§ Stored data:

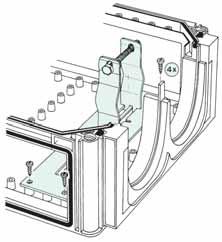 VMS Montaggio dello spessore di rialzo Montaggio delle bride antitrazione Sistema di cassette per montaggio a parete O O ntrodurre le quattro viti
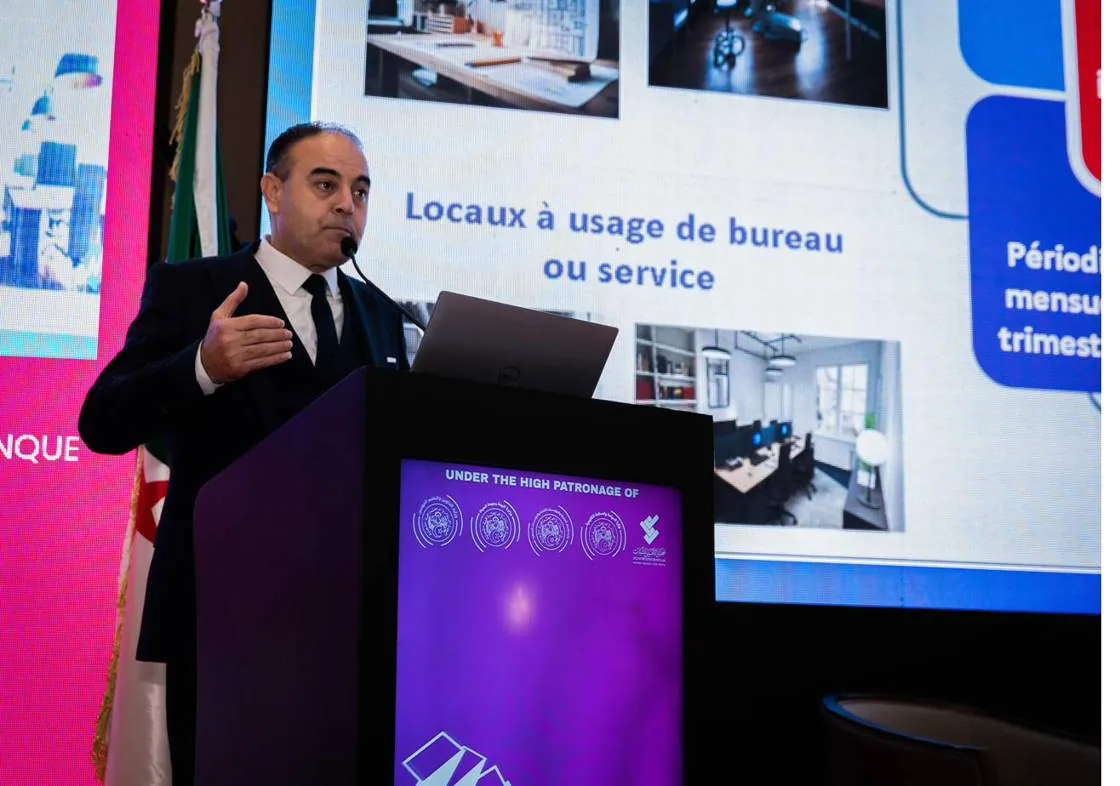A speaker presenting commercial property finance on stage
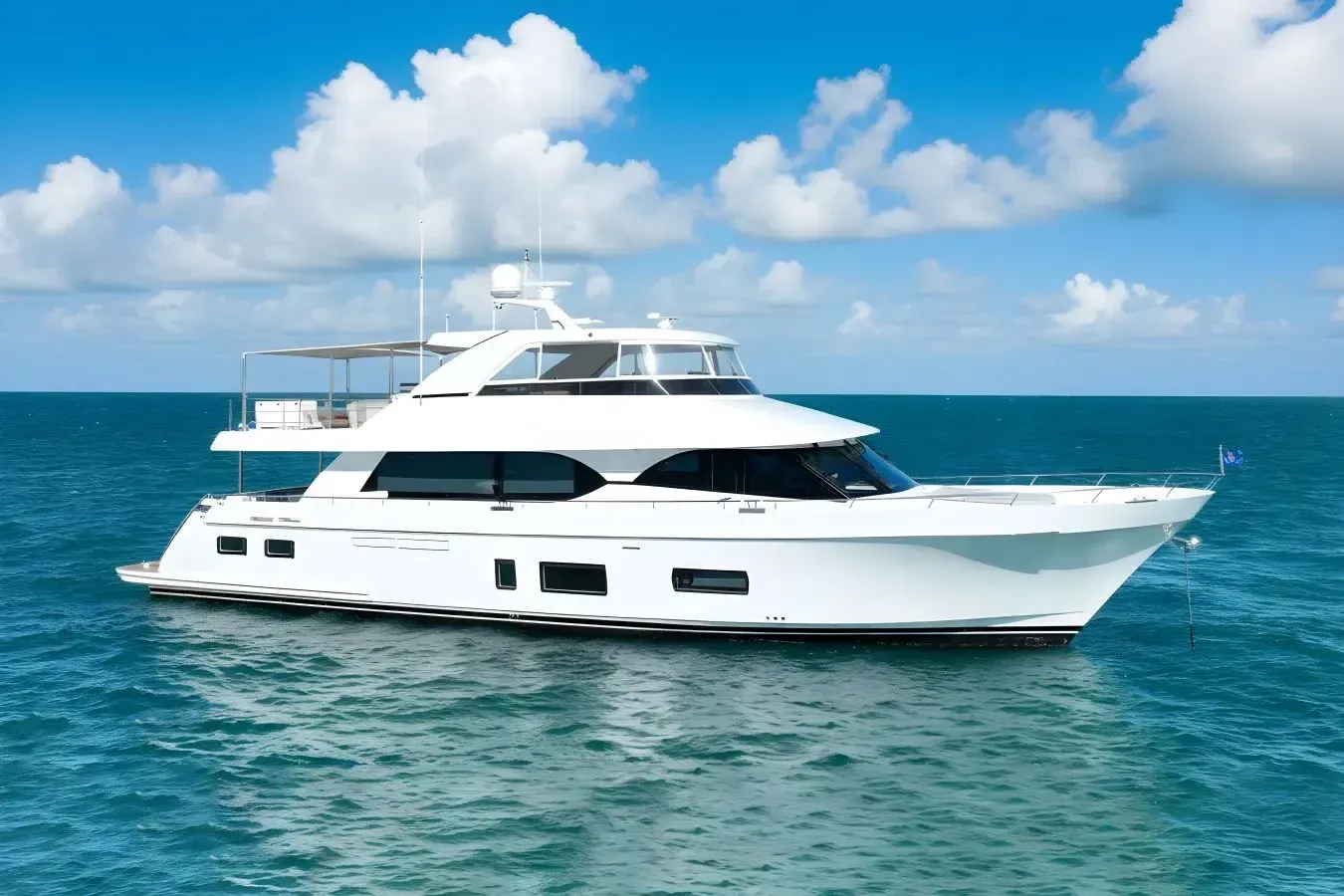 Touch N Go yacht, a 85 ft Ocean Alexander luxury superyacht underway, 26.14 meters, built in 2017.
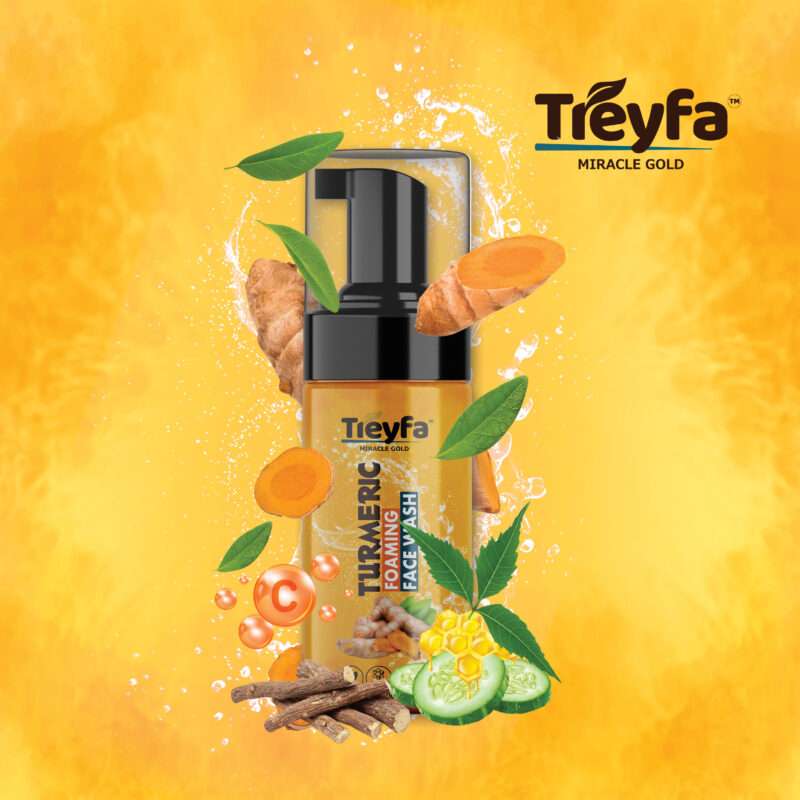Treyfa Turmeric Foaming Face Wash 100ML – Revitalize & Glow Naturally - Image 4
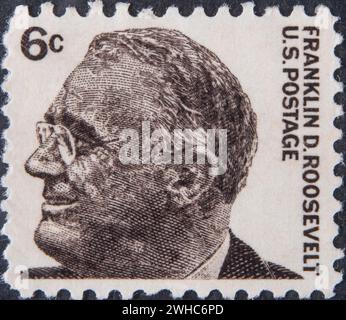 Franklin Delano Roosevelt, 1882, 1945, 32. Präsident der Vereinigten Staaten, 1933, 1945. Porträt auf US-Briefmarke Stockfoto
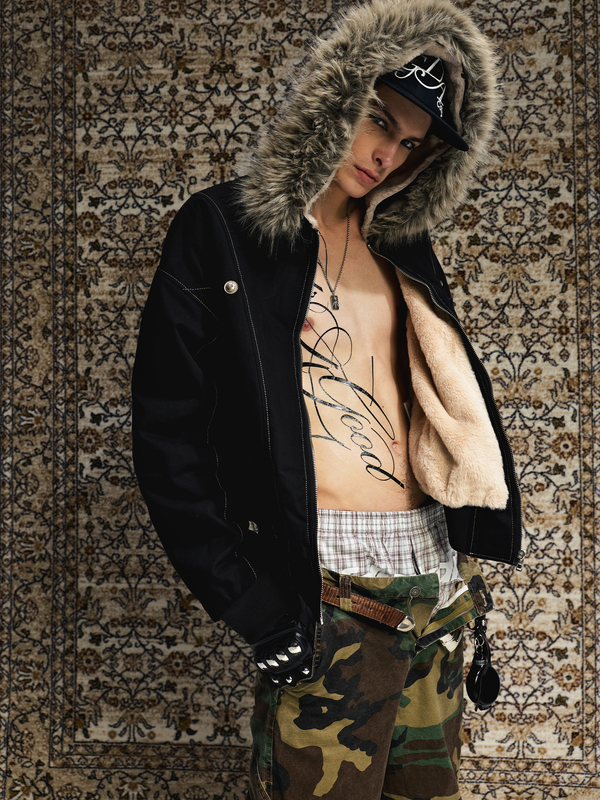 Cropped Shearling Puffer Jacket in Black (Fabric Texture & Close-Up Stitching Detail) - FDR Heavyweight Streetwear Outerwear Jacket - Premium Archive Fashion | FDR Studios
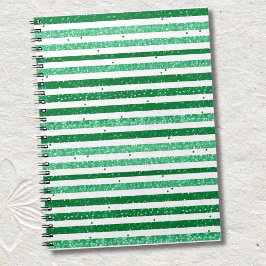 Nature Green White Horizontal Glitter Stripes Notizblock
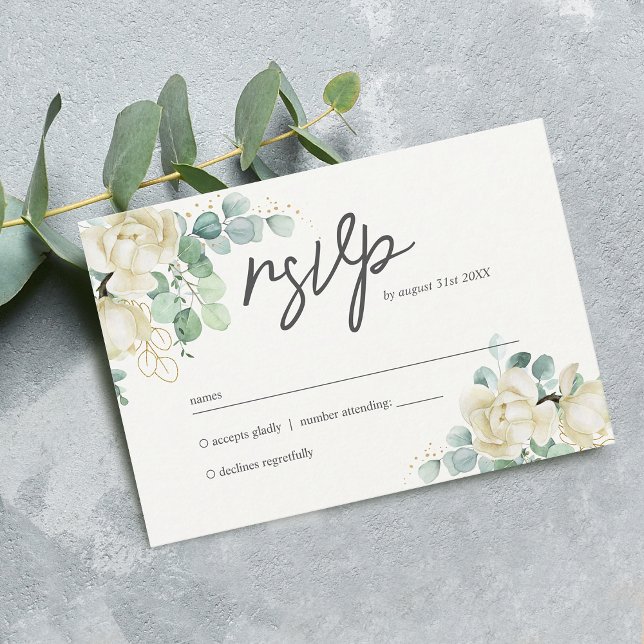 Elegant Magnolia Eucalyptus Bröllop OSA Kort (Elegant Magnolia Eucalyptus Wedding RSVP Card)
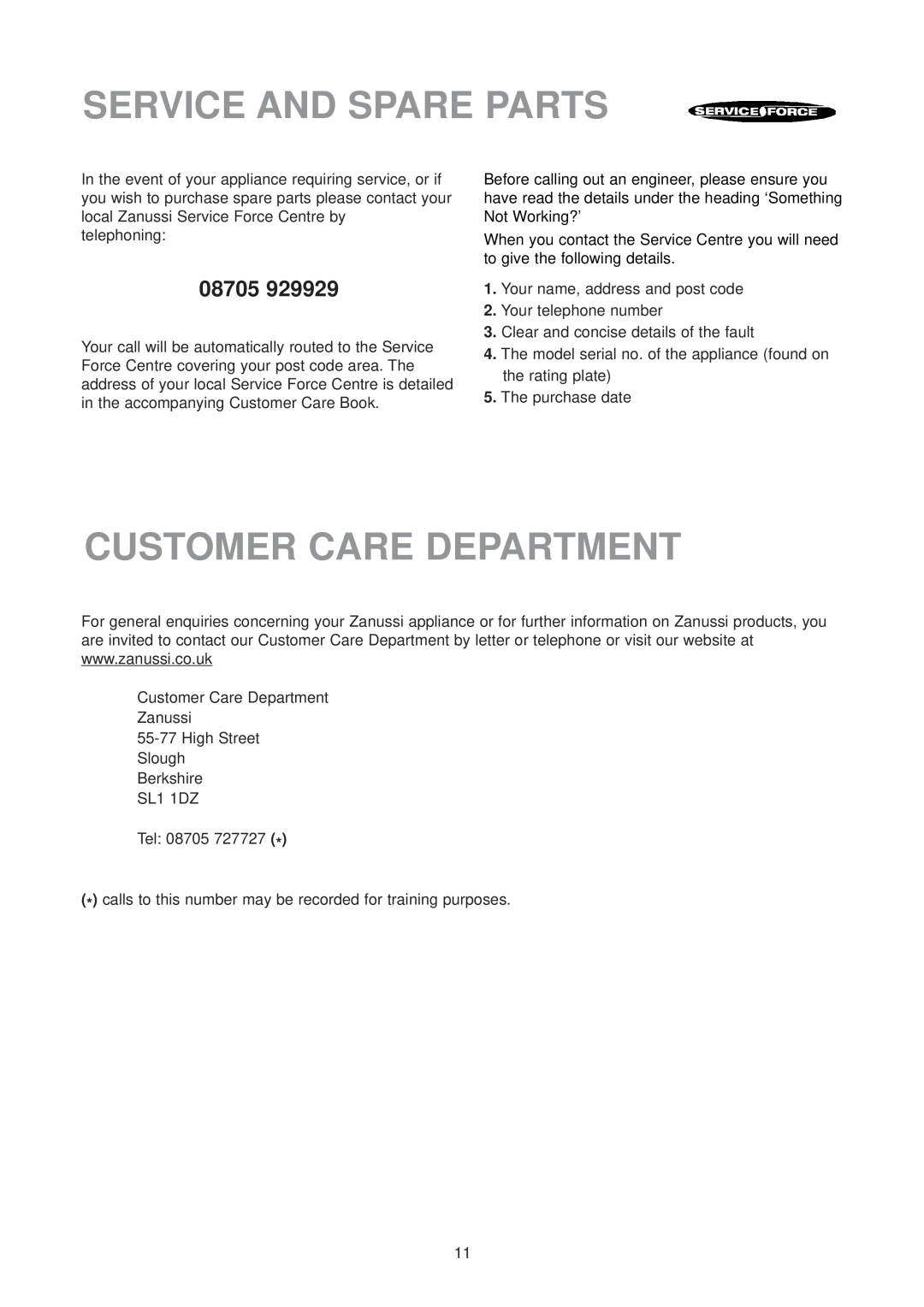 Zanussi ZU 9124 manual Service And Spare Parts, Customer Care Department, 08705 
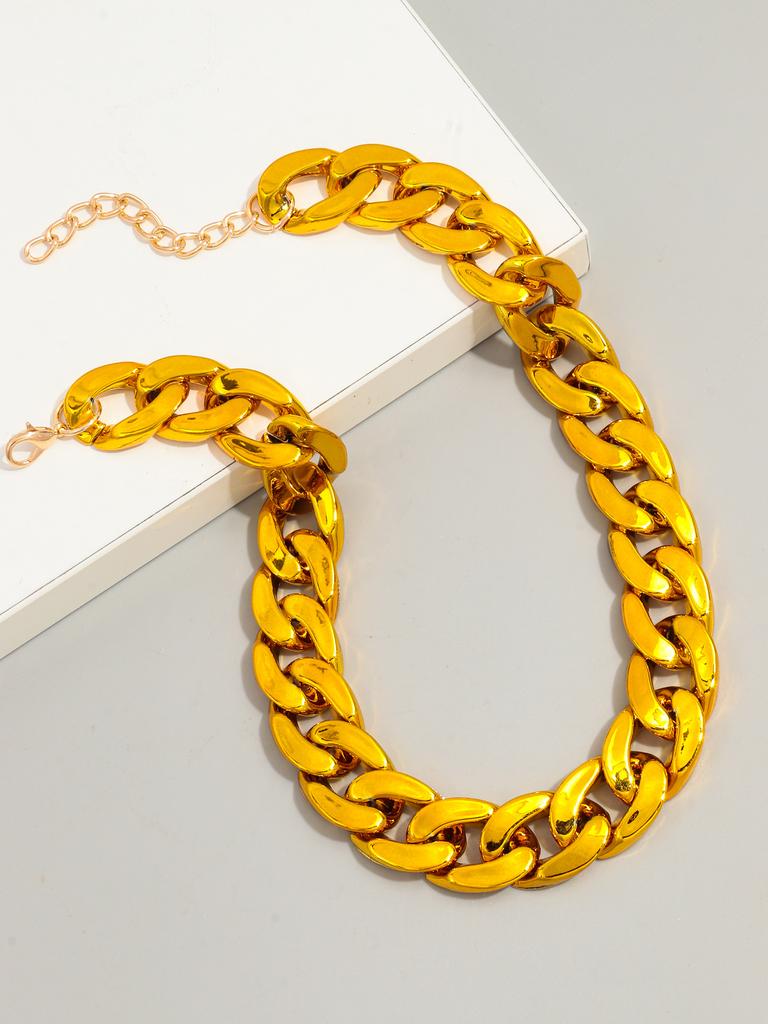 Fashion Hip Hop Metal Color Acrylic Chunky Necklace for Women Men Vintage Glossy Resin Cuban Link Chain Choker Y2K Jewelry Gifts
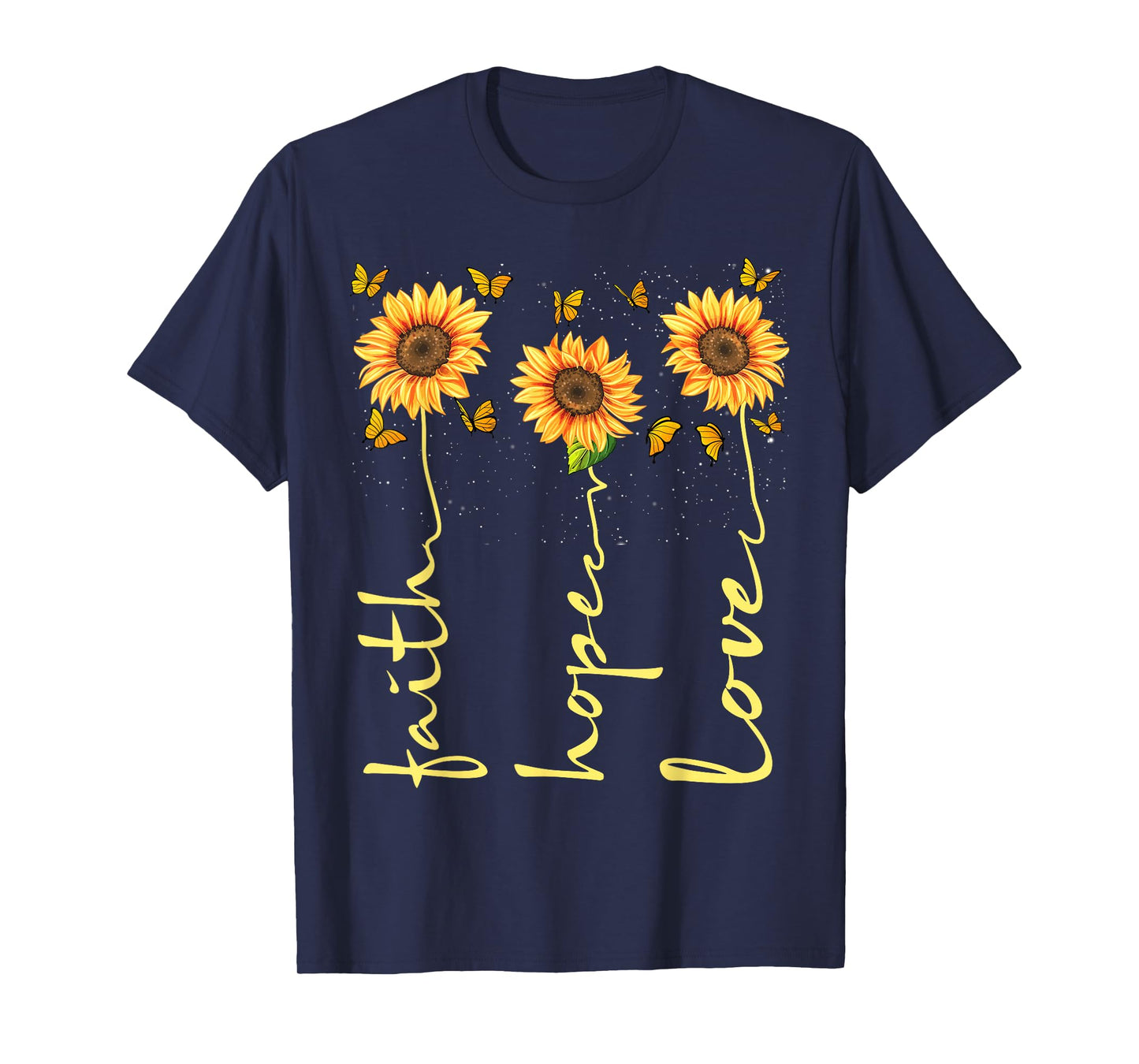 Christian for Women Sunflower Faith Hope Love T-Shirt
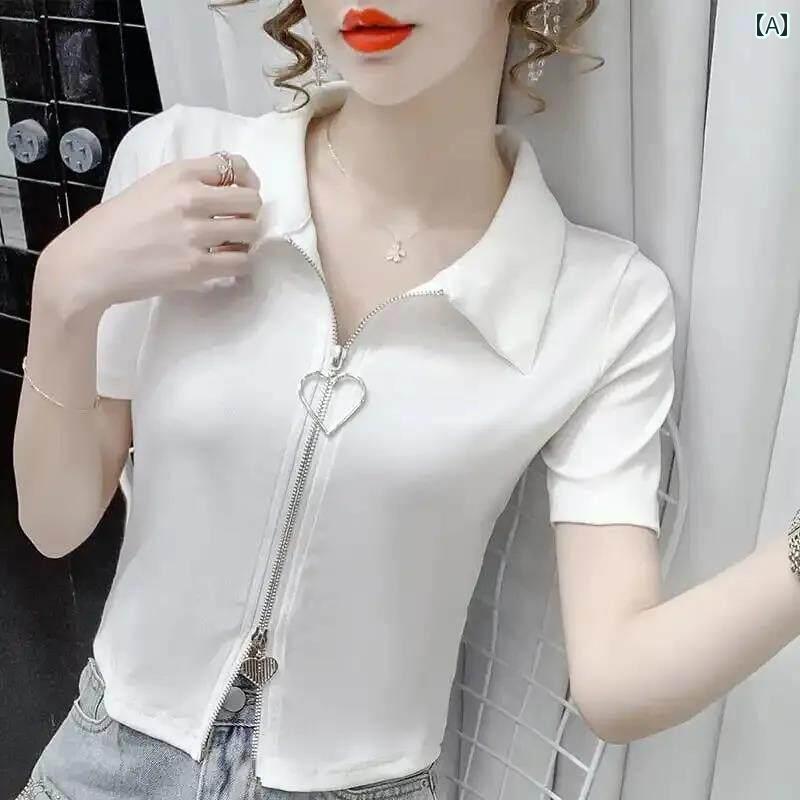 Rakuten - レディース ファッション 春夏 秋冬 かわいい オシャレ 韓国 プチ　フレンチ　半袖　T　シャツ　黒　白　スリム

§ Task objective:
All of the records above are to be written out exactly, minus their images.

§ Solution for this exercise:
 VMS Montaggio dello spessore di rialzo Montaggio delle bride antitrazione Sistema di cassette per montaggio a parete O O ntrodurre le quattro viti
A speaker presenting commercial property finance on stage
 Touch N Go yacht, a 85 ft Ocean Alexander luxury superyacht underway, 26.14 meters, built in 2017.
Treyfa Turmeric Foaming Face Wash 100ML – Revitalize & Glow Naturally - Image 4
 Franklin Delano Roosevelt, 1882, 1945, 32. Präsident der Vereinigten Staaten, 1933, 1945. Porträt auf US-Briefmarke Stockfoto
 Cropped Shearling Puffer Jacket in Black (Fabric Texture & Close-Up Stitching Detail) - FDR Heavyweight Streetwear Outerwear Jacket - Premium Archive Fashion | FDR Studios
 Nature Green White Horizontal Glitter Stripes Notizblock
 Elegant Magnolia Eucalyptus Bröllop OSA Kort (Elegant Magnolia Eucalyptus Wedding RSVP Card)
 Zanussi ZU 9124 manual Service And Spare Parts, Customer Care Department, 08705 
 Fashion Hip Hop Metal Color Acrylic Chunky Necklace for Women Men Vintage Glossy Resin Cuban Link Chain Choker Y2K Jewelry Gifts
 Christian for Women Sunflower Faith Hope Love T-Shirt
 Rakuten - レディース ファッション 春夏 秋冬 かわいい オシャレ 韓国 プチ　フレンチ　半袖　T　シャツ　黒　白　スリム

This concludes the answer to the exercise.